Some have a slightly different take, however.
One example is north of Southland, below the snowcapped peaks of The Remarkables, at Rātā. Their cheese rolls are garnished with locally-sourced preserved apricots, hazelnuts, truffle oil and honey from the southern rātā tree, found on the west coast of the South Island. Served as an entrée, founder Fleur Caulton says they’re a popular dish at the Queenstown restaurant.
“Everyone has their version of a roast. We have our version of a cheese roll.”
Bucolic as it may seem in an area where neighbors can leave doors unlocked and penguins visit beaches, life’s changing like everywhere else. For instance, the planned 2024 closure of the aluminum smelter south of Invercargill at Tiwai Point – Southland’s single-largest employer – could mean the loss of hundreds of jobs.
Other changes are also afoot. The shutting of New Zealand’s borders amid the coronavirus pandemic has led to an increase in domestic tourists, but there are concerns about what the absence of international visitors could mean for the future. Large parts of central Invercargill have also been demolished. Rising from the rubble will be a business and shopping complex that could cost NZ$165 million (about US$120 million).

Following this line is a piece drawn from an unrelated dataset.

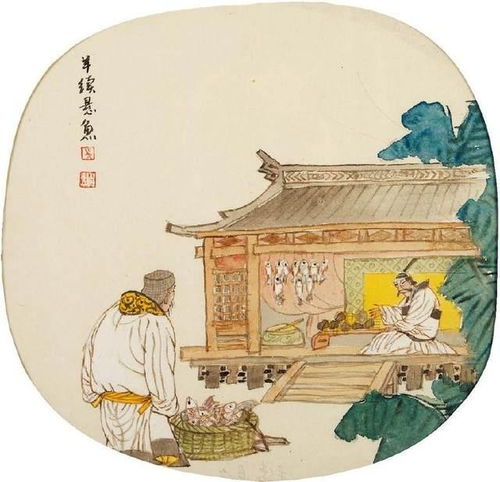 典故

But cheese rolls continue to play an important part in the story of the Deep South. Rātā’s Caulton says “1,800 dozen” cheese rolls were made for a fundraiser at Queenstown’s Wakatipu High School last year, for example.
The morning of our interview, The Crib’s Gilder said she’d made about 200 in anticipation of demand from visitors attending the Burt Munro Challenge motorcycle competition, one of Southland’s largest annual events.
“As long as there are people in Southland, the cheese roll will live on forever,” says Industry’s Heffer.
Adds Hamilton: “The gathering of people, the comradeship, the support – right now, I would say the world needs more cheese rolls.”
Ben Mack is a writer from North Plains, Oregon living in New Zealand. His work has appeared in outlets including Vogue Australia, The Sydney Morning Herald and Newsweek. Cheese rolls are his favorite food.